IMAGE_EXTENSIONS = (".jpg", ".jpeg", ".png", ".jfif", ".heic", ".webp")


def collect_landmark_images(data_root, landmark_names, max_images=5):
    image_map = {}
    for landmark in landmark_names:
        folder = os.path.join(data_root, landmark)
        images = []
        if os.path.isdir(folder):
            for root, _, files in os.walk(folder):
                for filename in sorted(files):
                    if filename.lower().endswith(IMAGE_EXTENSIONS):
                        rel_path = os.path.relpath(os.path.join(root, filename), data_root)
                        images.append(rel_path)
        if not images:
            print(f"[경고] '{landmark}' 폴더에서 사용할 이미지가 없습니다.")
        image_map[landmark] = images[:max_images]
    return image_map


landmark_images = collect_landmark_images(DATA_ROOT, LANDMARK_NAMES, max_images=3)
print("Setup complete.")
print(f"QA File: {QA_FILE}")
print(f"Data Root: {DATA_ROOT}")
print(f"Representative image pools ready for {len(landmark_images)} landmarks (≤3 each)")



환경 감지: Google Drive Colab
QA landmarks loaded: 11 entries
Setup complete.
QA File: /content/drive/Othercomputers/내 컴퓨터/데이콘 출판마을 프로젝트/github/data/landmark_qa_labeled_updated.json
Data Root: /content/drive/Othercomputers/내 컴퓨터/데이콘 출판마을 프로젝트/github/data
Representative image pools ready for 11 landmarks (≤3 each)


## 2. BLIP Model Setup


In [10]:
processor = None
model = None
device = "cuda" if torch.cuda.is_available() else "cpu"


def load_blip_model():
    global processor, model
    if processor is None or model is None:
        processor = BlipProcessor.from_pretrained("Salesforce/blip-vqa-base")
        model = BlipForQuestionAnswering.from_pretrained("Salesforce/blip-vqa-base")
        model.to(device)
        print(f"BLIP VQA model loaded on device: {device}")
    return processor, model


def run_vqa_test(qa_file_path, landmark_name, image_path):
    processor, model = load_blip_model()

    try:
        with open(qa_file_path, 'r', encoding='utf-8') as f:
            qa_data = json.load(f)
    except FileNotFoundError:
        return {"error": f"QA 파일을 찾을 수 없습니다: {qa_file_path}"}

    if landmark_name not in qa_data:
        return {"error": f"랜드마크 '{landmark_name}' 데이터를 찾을 수 없습니다."}

    try:
        raw_image = Image.open(image_path).convert('RGB')
    except FileNotFoundError:
        return {"error": f"이미지 파일을 찾을 수 없습니다: {image_path}"}

    questions_for_landmark = qa_data[landmark_name]
    correct_yes_count = 0
    total_yes_questions = 0
    correct_no_count = 0
    total_no_questions = 0

    print(f"\n--- Running Evaluation for '{landmark_name}' with image '{os.path.basename(image_path)}' ---")
    for i, (question, expected_answer) in enumerate(questions_for_landmark):
        inputs = processor(raw_image, question, return_tensors="pt").to(device)
        out = model.generate(**inputs, max_new_tokens=10)
        model_answer = processor.decode(out[0], skip_special_tokens=True).strip().lower()

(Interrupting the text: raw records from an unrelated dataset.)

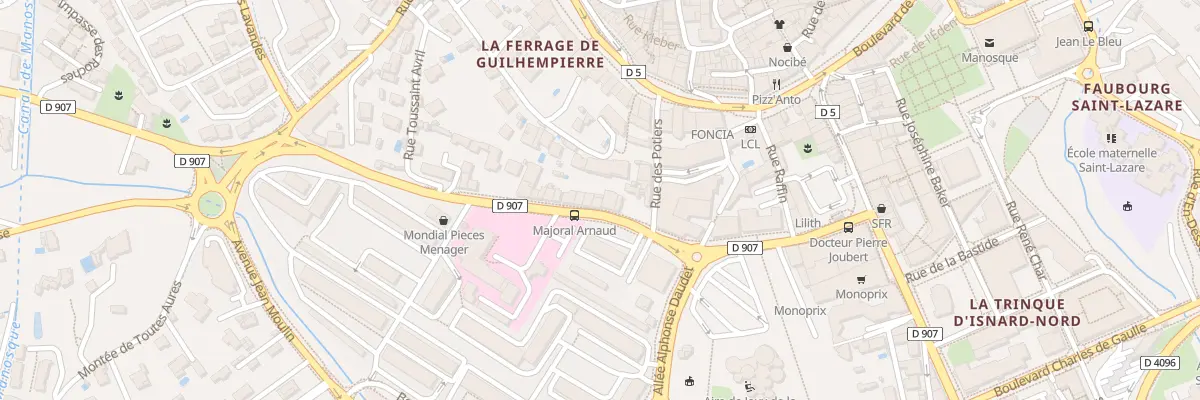 Plan du 2 Av du Majoral Raoul Arnaud à Manosque
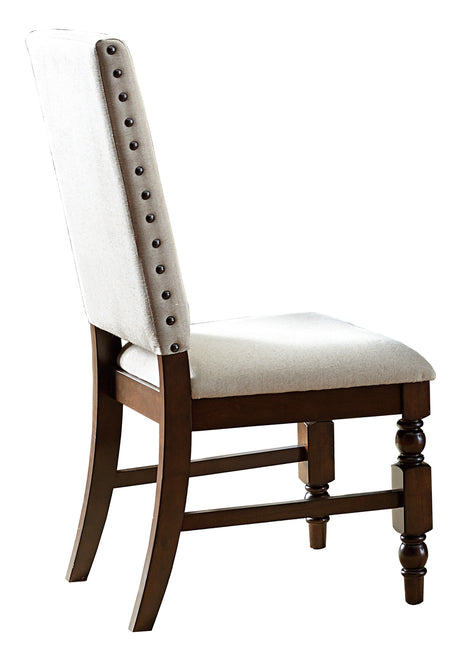 Yates Cream/Burnished Dark Oak Side Chair (Set of 2) - Ornate Home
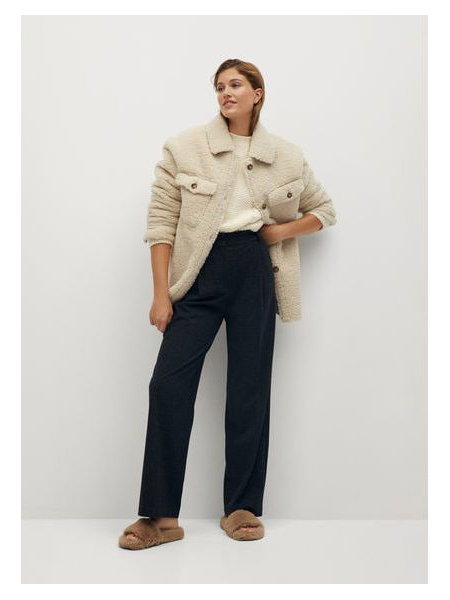 Mango Teddyfell-Jacke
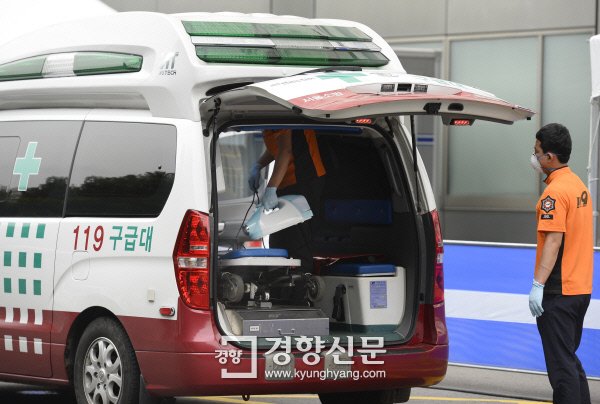구급차. 경향신문 자료사진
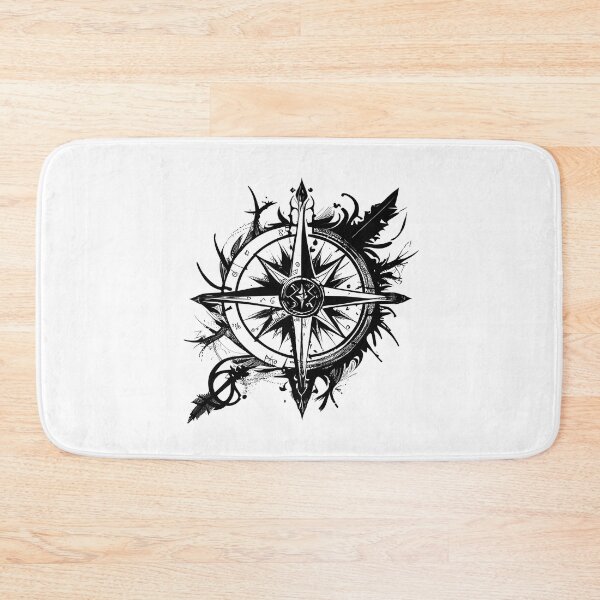 Item preview, Tribal Compass designed and sold by ShadowAndSlate.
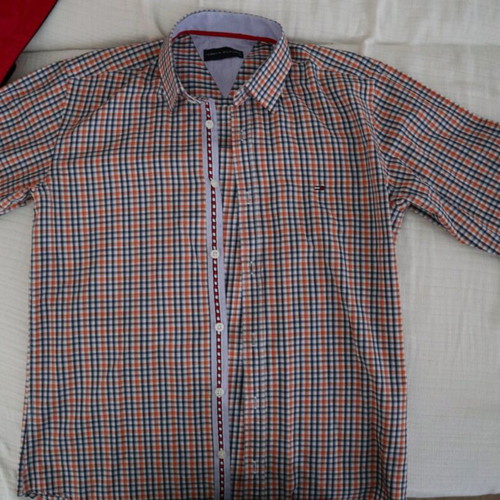 Tommy Hilfiger shirt like new, size M, blue and orange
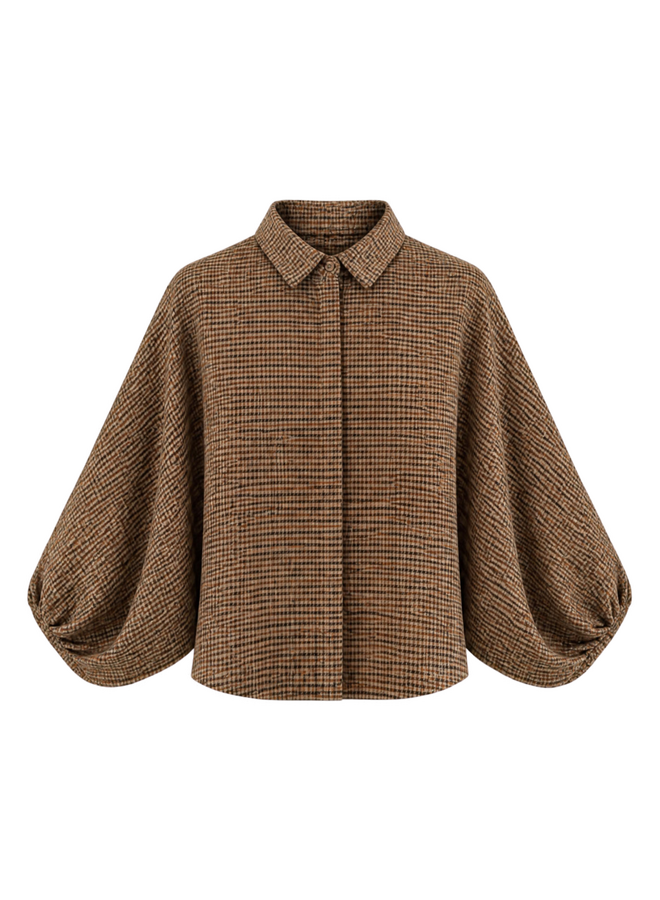 Blouse Noa Camel/Zwart Onesize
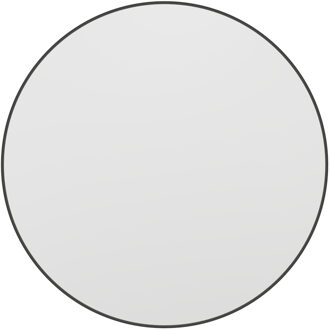 Haceka Deco spiegel - 80x80cm - rond - mat zwart 2015963 Zwart mat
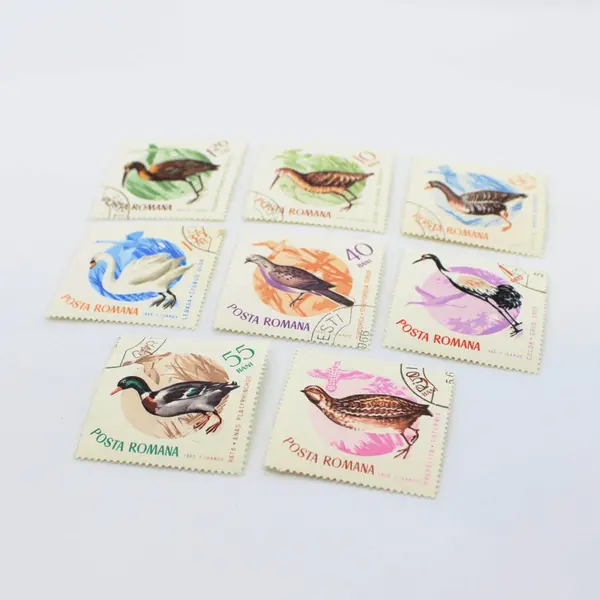 Lot Of 8 Romania 1965 Birds Stamps SC #1767-70 1773-76 Used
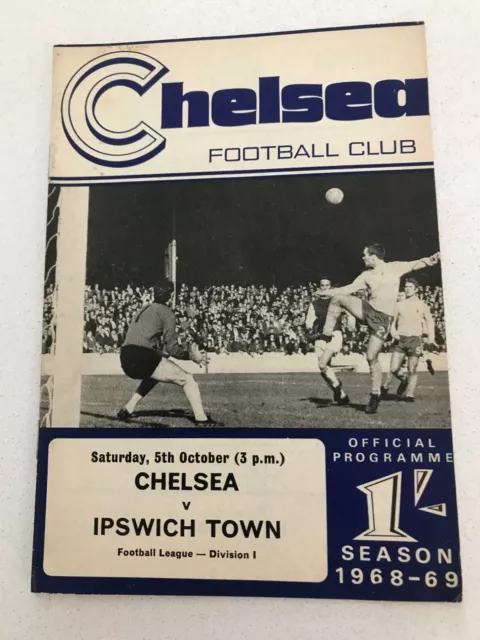 Chelsea v Ipswich Town  05/10/1968  Programme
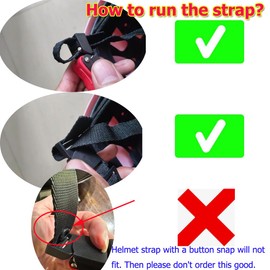 YehVeh Kit de 2 juegos de casco de motocicleta con clip rápido, hebilla para cinturón de carraca de liberación rápida, adaptador ajustable para motocross, bicicleta eléctrica, cascos de fútbol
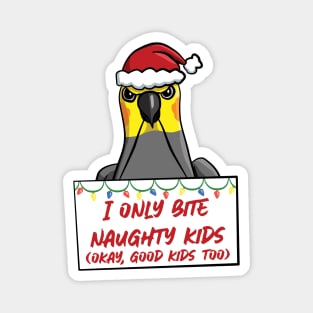 Only Bite Naughty Kids Cockatiel Magnet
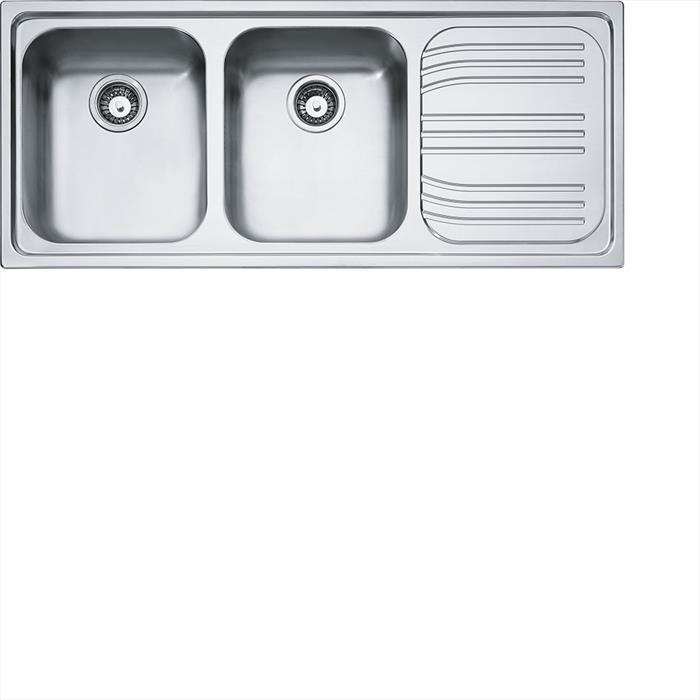 Franke - Lavello Lineare Radar Rrx 621s 2 Vasche-inox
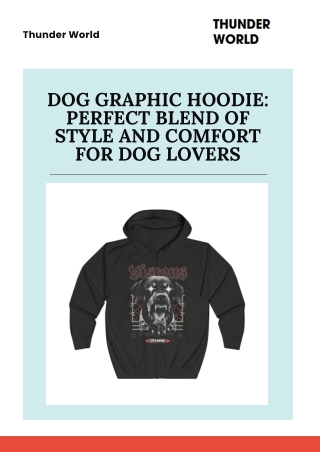 Dog Graphic Hoodie – Stylish Comfort for Dog Lovers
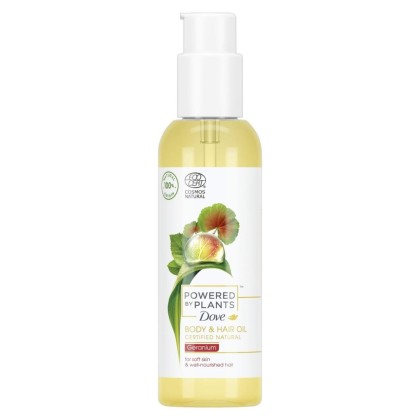 Dove ulei pentru corp si par Powered by Plants Geranium 100ml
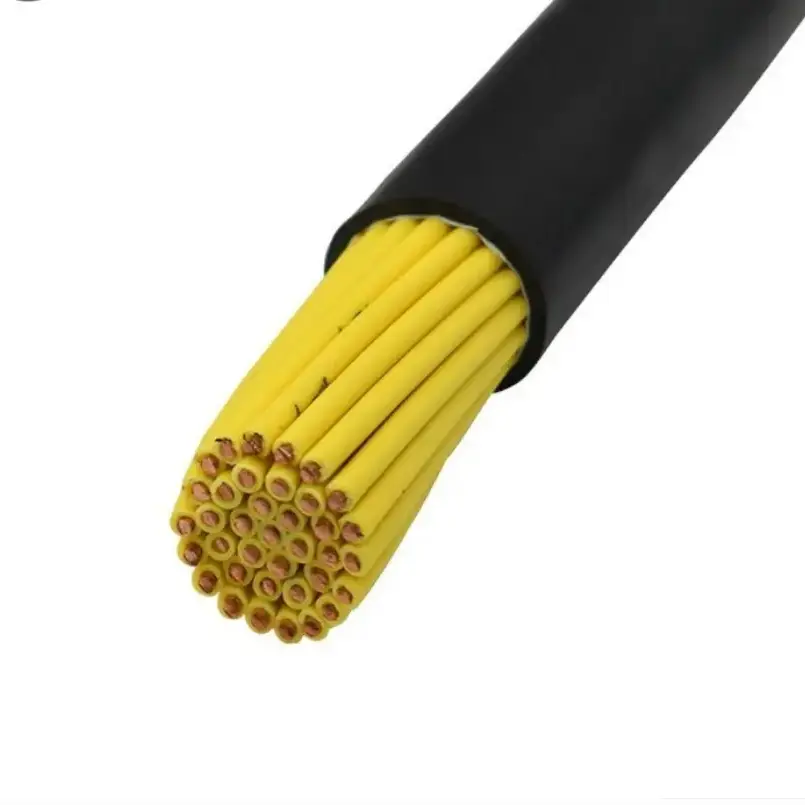 Kuparinen PVC palosuojattu joustava ohjauskaapeli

        is_correct = (model_answer == expected_answer)
        if expected_answer == 'yes':
            total_yes_questions += 1
            if is_correct:
                correct_yes_count += 1
        else:
            total_no_questions += 1
            if is_correct:
                correct_no_count += 1

        print(f"Q{i+1:02d}: '{question}' -> Model: '{model_answer}', Expected: '{expected_answer}' ({'Correct' if is_correct else 'Incorrect'})")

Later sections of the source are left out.